Tout cela a débouché sur des visions d’une Afrique criminelle ou victime, exploitée ou suicidaire selon le type de responsabilités que l’on veut établir devant le tribunal de l’Histoire. Soucieux de redresser ces prismes réducteurs qui donnent une vision caricaturale de l’Afrique au sud du Sahara, une trentaine d’auteurs se sont évertués à interroger, sur la base de grilles de lecture purement intellectuelles et d’expériences fructueuses de terrain, plus d une cinquantaine d’idées reçues sur l’Afrique.

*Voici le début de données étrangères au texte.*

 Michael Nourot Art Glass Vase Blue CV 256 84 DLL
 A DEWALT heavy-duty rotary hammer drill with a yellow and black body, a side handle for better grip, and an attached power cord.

Le fruit du travail qui a essayé de faire la part de vérité et d’erreur que ces lieux communs peuvent receler a coïncidé avec l’édition de l’ouvrage intitulé « L’Afrique des idées reçues ». Un ouvrage réalisé sous la direction de Georges Courade, directeur de recherches à l’Ird et professeur associé à l’université de Paris 1 (Panthéon Sorbonne) jusqu’en 2004. Avant-hier, ledit ouvrage a fait l’objet d’une conférence au Centre culturel français (Ccf) sous l’égide de l’Ird, en présence d’un large public, avec en modérateur le recteur de l’université de Dakar Abdou Salam Sall.

Généralisations et comparaisons abusives

Pour Georges Courade et Pierre Janin, tous deux chercheurs à l’Ird, qui ont introduit le sujet par l’entremise d’une présentation en flash, les préjugés et prismes réducteurs qui accompagnent les visions sur l’Afrique ne sont pas seulement caractéristiques d’une connaissance faussée du continent noir. Enjambant toute rigueur scientifique, ces idées reçues qui noircissent sans discontinuer le visage de l’Afrique, qualifiée de continent criminel, prédateur et corrompu n’expriment pour la plupart que des généralisations et des comparaisons abusives. Pis, elles se fondent sur des apparences sans sentir le besoin d’intégrer le cœur des phénomènes approchés. L’homme africain victime de rengaines nihilistes persistantes devient dès lors un être incapable de mouvement et figé face à la nécessaire évolution du temps et à la marche de l’Histoire.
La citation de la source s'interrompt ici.